How to create new Connectors

  • Import dependencies:

      import java.io._
      import com.wix.accord.Validator
      import com.wix.accord.dsl.{be, _}
      import es.alvsanand.sgc.core.connector.{SgcConnector, SgcConnectorException, SgcConnectorParameters}
      
      // Every other required dependency
    
  • Create a new type of SgcConnectorParameters:

      case class RssParameters(url: String) extends SgcConnectorParameters
    
  • Create a new type of SgcSlot:

      case class RssSlot(title: String, description: String, link: String, date: Date) extends SgcDateSlot
    

Note: in case to be streaming compatible the slot must extend SgcDateSlot. If not, SgcSlot.
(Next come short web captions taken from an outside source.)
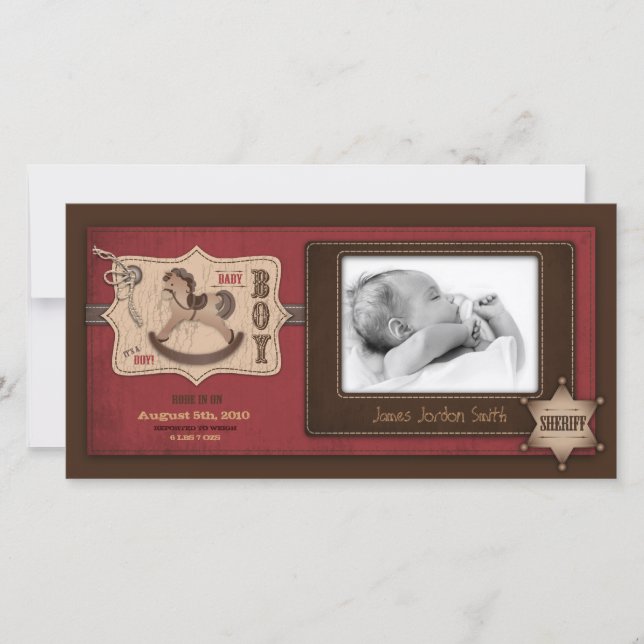 Tarjeta fotográfica Cowboy Baby (Anverso)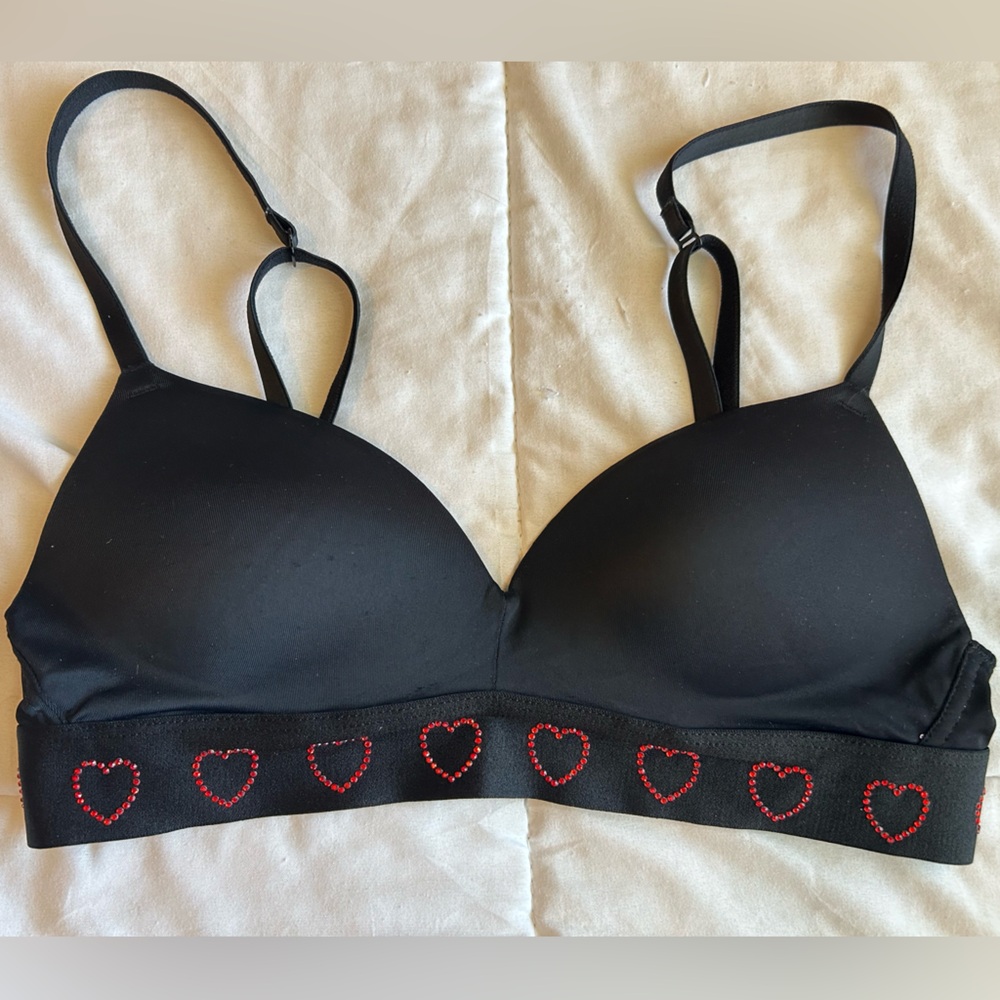 PINK Victoria's Secret Black Bralette with Red Heart Accents
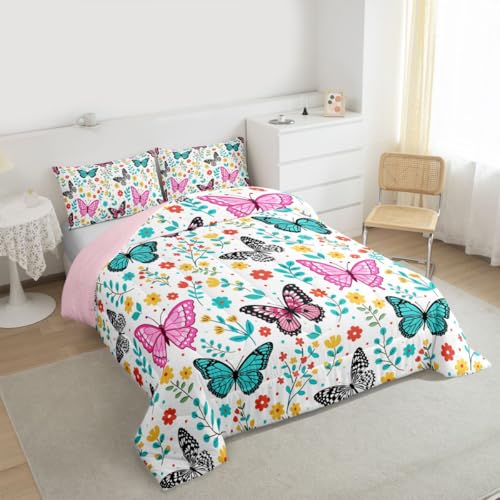 Image of Erosebridal Colorful Butterflies King Size Comforter Set for Kids Teens Adults,Cartoon Floral Bedding Sets,Flying Butterfly Duvet Insert,Garden Flower Quilt Bedroom Decor
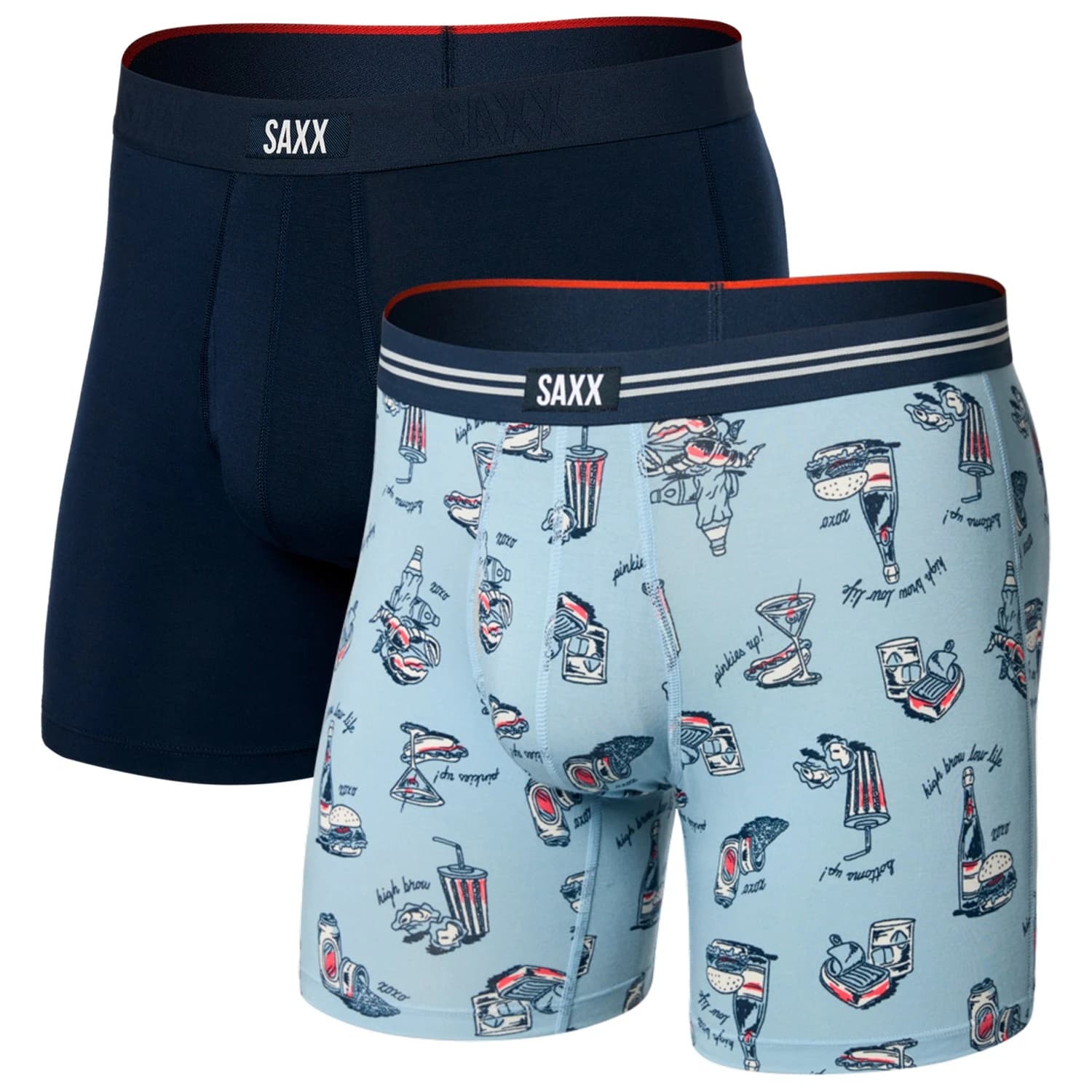Мъжко синтетично термобельо Saxx Vibe Xtra Boxer Brief Fly 2-Pack Synthetic base layer - High Brow Low Life / Navy
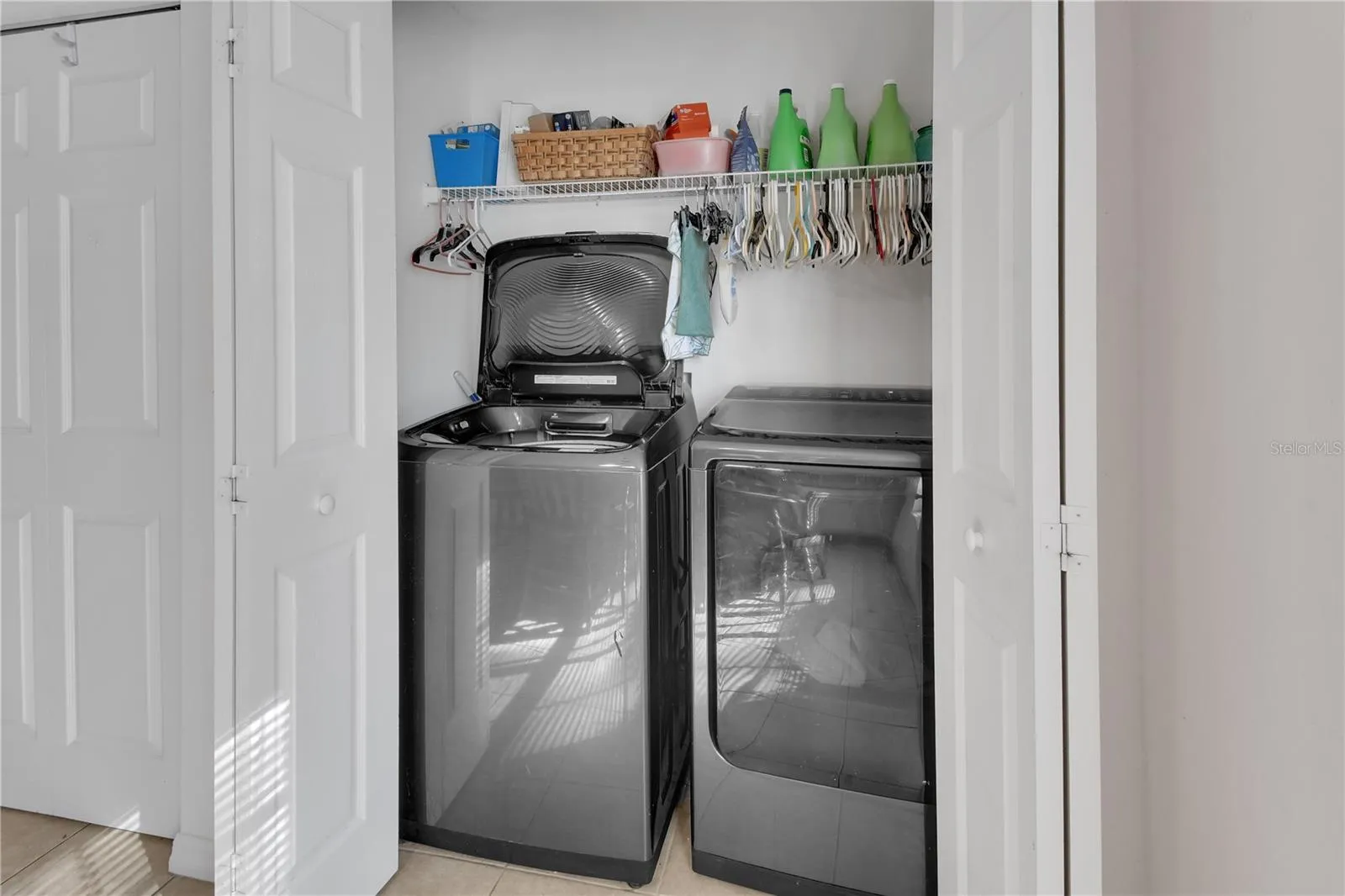 Laundry closet is in the kitchen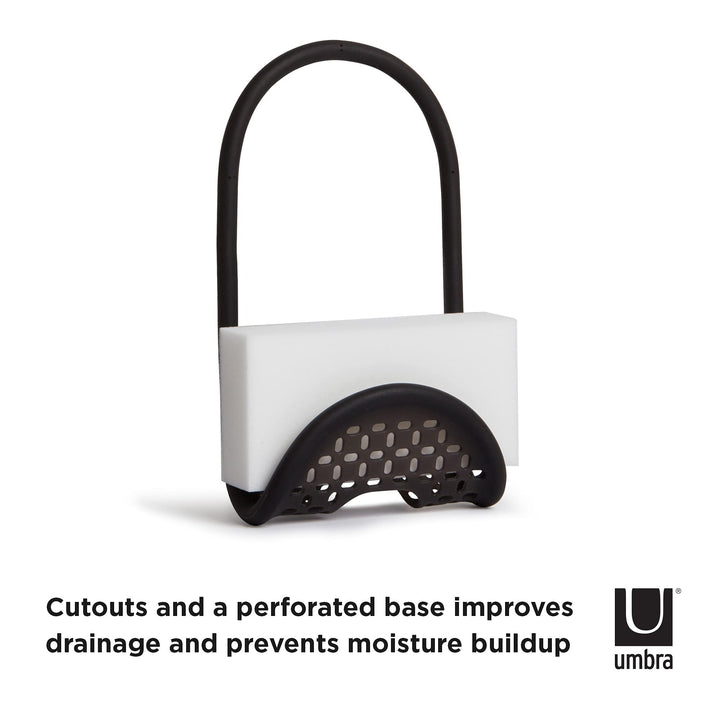 Sling Kitchen Sink Accessory, Single-Sided Sponge Holder, Black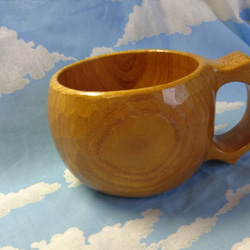 大ぶりな桑の一木彫りコーヒーカップ。 6枚目の画像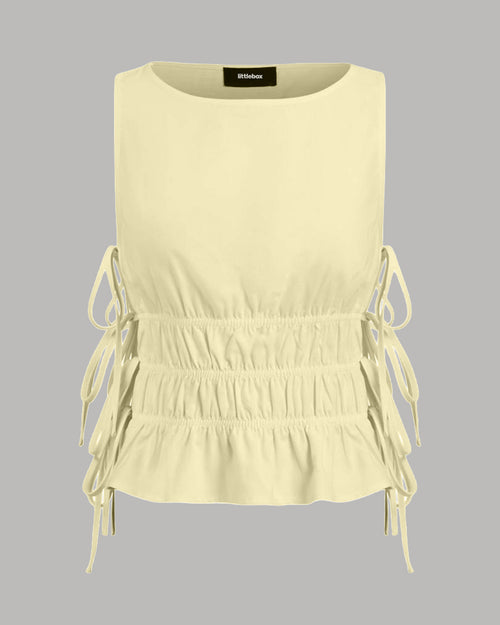 Boat Neck Plain Knotted Cami Top in Vanilla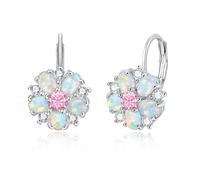 CiNily Opal Flower Earrings for Women Hypoallergenic Dangle Drop Earring, Multicolor Opal Short Drop Ear Rings Unique Earrings for Girls, 14K White Gold | Rose Gold | Gold Plated, White Gold Plated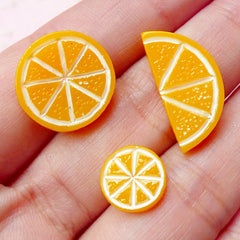 Decoden Cabochon Dollhouse Orange Slices Toppings (3pcs / 10mm, 16mm & 21mm / Flatback) Kawaii Decoration Miniature Fruit Cabochon FCAB179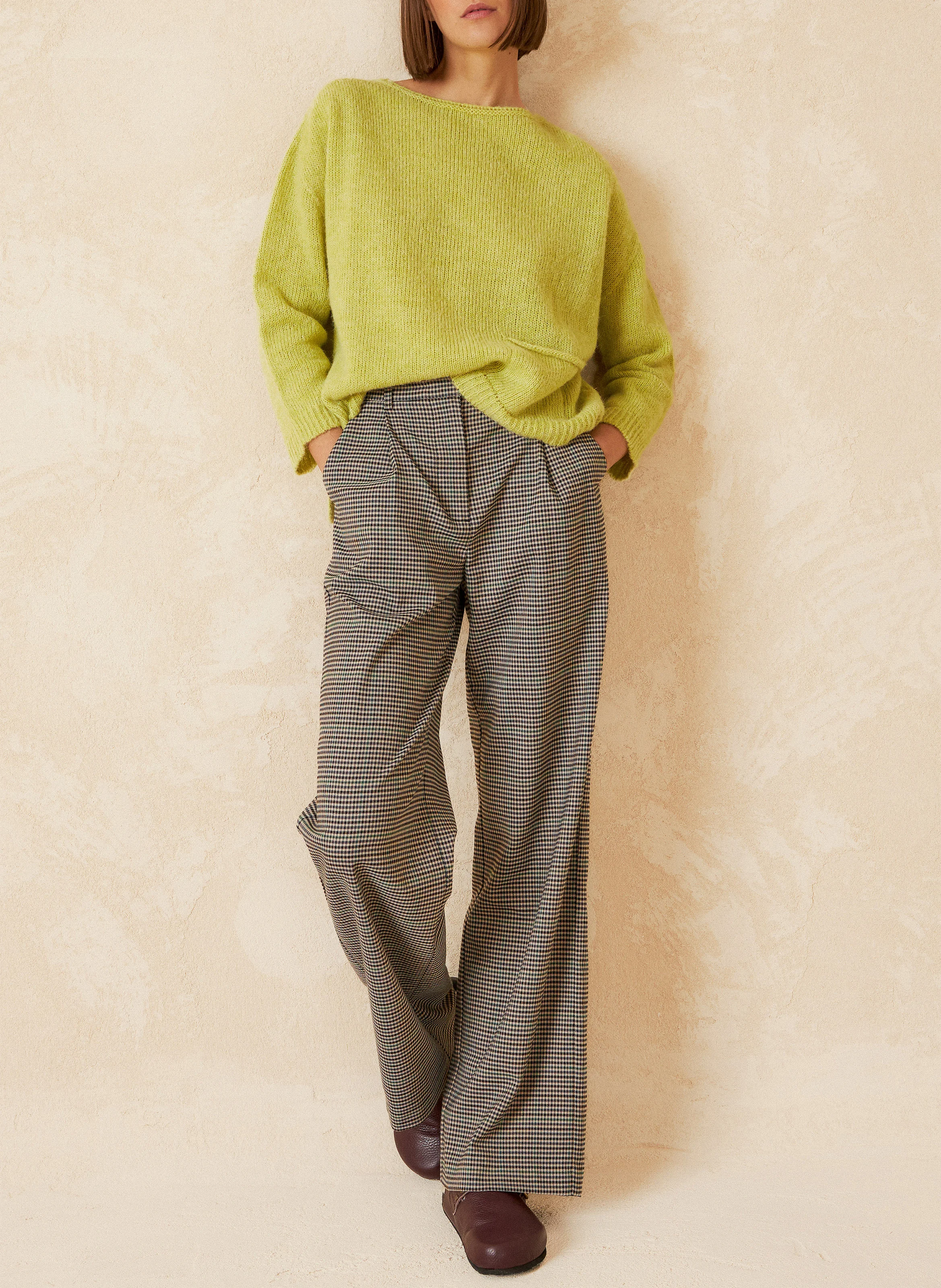 Pantalon large à carreaux | Noir
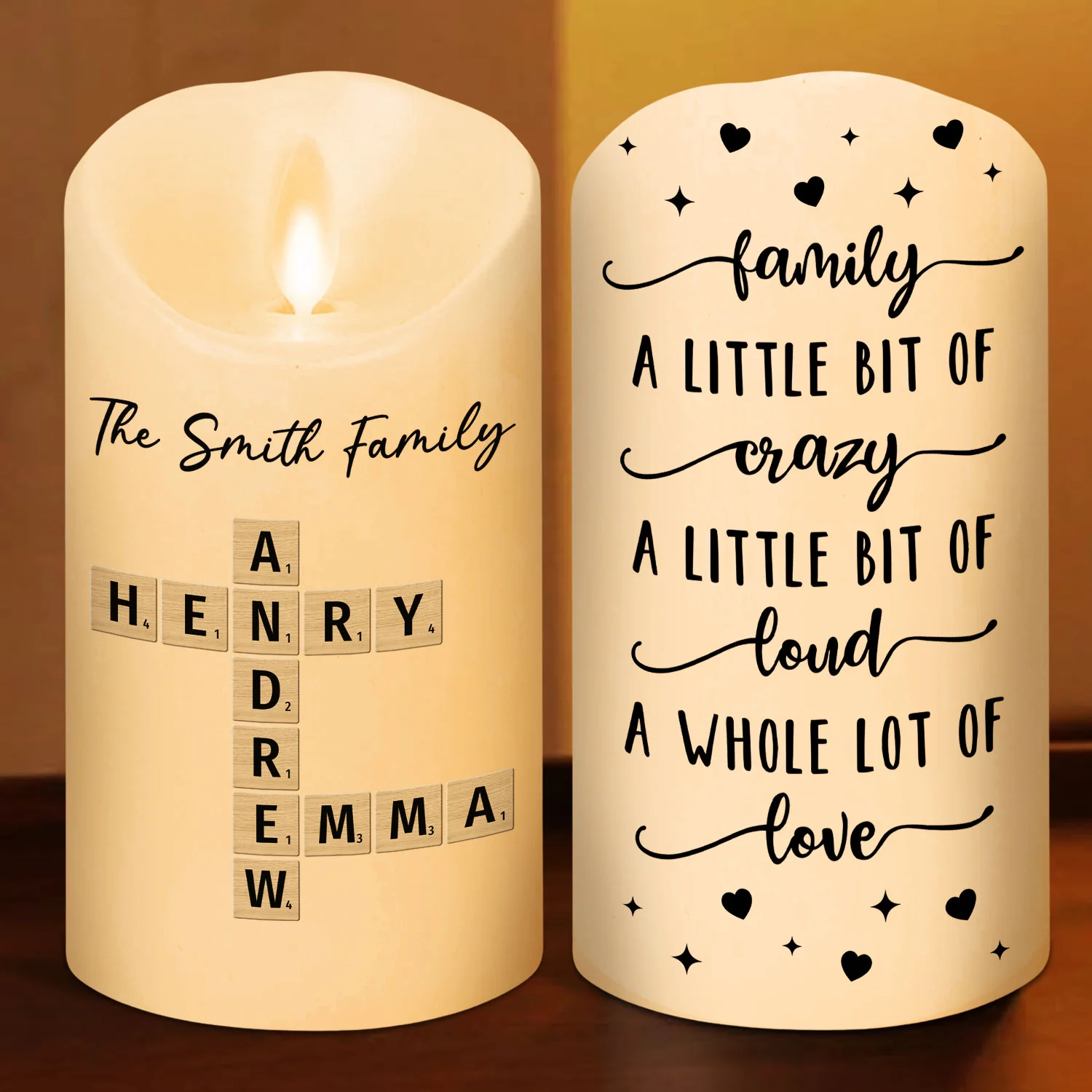 Family A Whole Lot Of Love  - Personalized Custom LED Candle - Image 2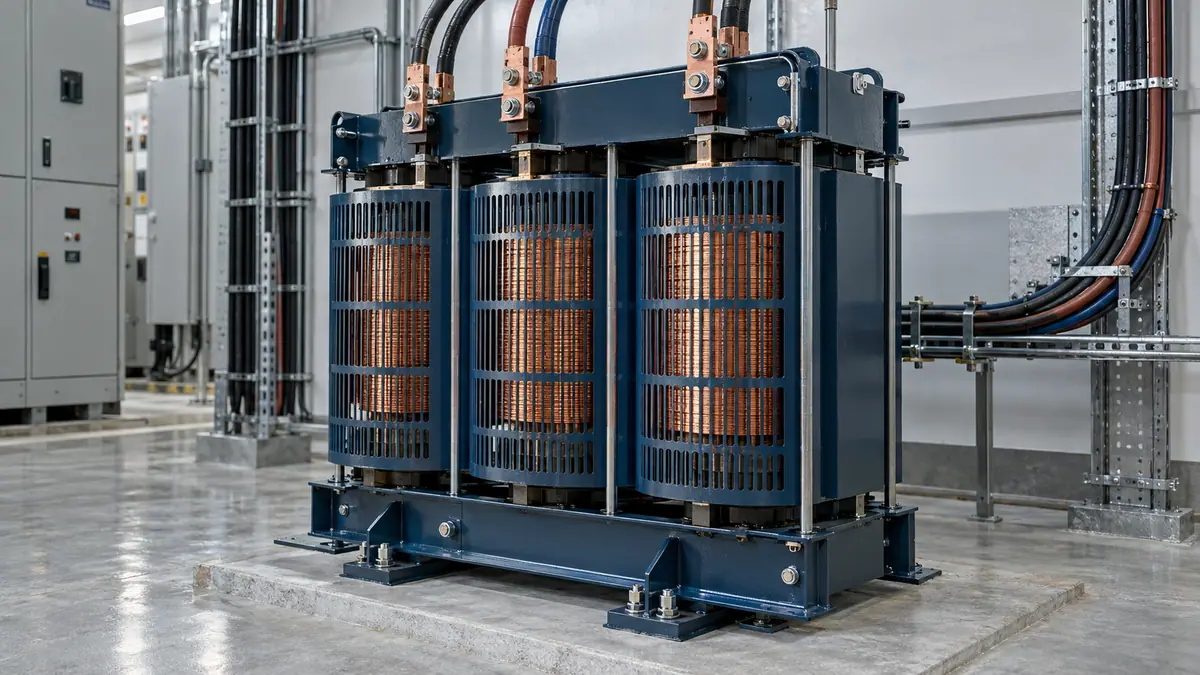 Unbranded dry-type transformer with visible windings and connected conductors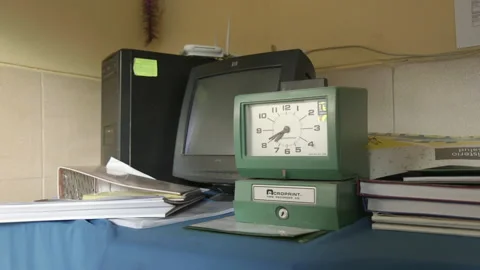Old computers and equipment in a south american hospital in Ollantaytambo, 動画素材 138534582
  • Create a new type of SgcConnector:

      class RssSgcConnector(parameters: RssParameters)
        extends SgcConnector[RssSlot, RssParameters](parameters) {
        
        ......
      
      }
    
  • Implement the SgcConnector:

    1. Override getValidator in order to validates the parameters:

        override def getValidator(): Validator[RssParameters] = {
            validator[RssParameters] { p =>
              p.url is notNull
              p.url is notEmpty
            }
         }
      
    2. Create a client and be sure it is Thread Safe or there is one instance for every Thread:

        private lazy val client: RSSClient = initClient()
        
        private def initClient(): RSSClient = synchronized {
            var client: RSSClient = null
        
            // Initialize client
        }
      
    3. It is also recommendable to create helper methods to use the client:

        private def connect(): Unit = {
          if (!client.isConnected) {
            Try(client.connect()) match {
              case Failure(e) => throw SgcConnectorException(s"Error connecting to server", e)
              case _ =>
            }
          }
        }
       
        private def disconnect(): Unit = {
          if (client.isConnected) {
            client.disconnect()
          }
        }
        
        private def useClient[T](func: () => T): T = {
          Try(connect()) match {
            case Failure(e) => throw e
            case _ =>
          }
        
         val value = Try(func())
        
          Try(disconnect()) // Ignore exception in disconnecting
        
          value match {
            case Success(s) => s
            case Failure(e) => throw e
          }
        }
      
    4. Override list in order to list the slots available:

        @throws(classOf[SgcConnectorException])
        def list(): Seq[RssSlot] = {
            var entries: Array[FeedMessage] = Array.empty
        
            Try({
              files = useClient[Array[RssSlot]](() => {
                client.listFiles(".").map(x => RssSlot(x.title, x.description, x.link, x.date: Date))
                      .sortBy(_.name).toSeq
              })
            })
            match {
              case Success(v) => v
              case Failure(e) => {
                throw SgcConnectorException(s"Error listing messages", e)
              }
            }
        }
      
    5. Override list in order to validates the parameters:

        @throws(classOf[SgcConnectorException])
          override def fetch(slot: FTPSlot, out: OutputStream): Unit = {
            Try({
              val in = useClient[InputStream](() => {
                client.retrieveFeedMessage(slot.link)
              })
        
              if (in != null) {
                IOUtils.copy(in, out)
        
                in.close()
              }
            })
            match {
              case Success(v) =>
              case Failure(e) => {
                val msg = 
                throw SgcConnectorException(s"Error fetching slot[$slot]", e)
              }
            }
        }
      
  • Create a new type of SgcConnectorFactory:

       object RssSgcConnectorFactory extends SgcConnectorFactory[RssSlot, RssParameters] {
       
         override def get(parameters: RssParameters): SgcConnector[RssSlot, RssParameters] = {
           new RssSgcConnector(parameters)
         }
       }
    

Scaladoc

Here you can see the Scala API documentation of the project.

Examples

There are multiple notebooks that show the features of the Library and how to use it correctly.

Building From Source

To build the JAR slots simply run sbt package from the project root. The build configuration includes support for both Scala 2.10 and 2.11.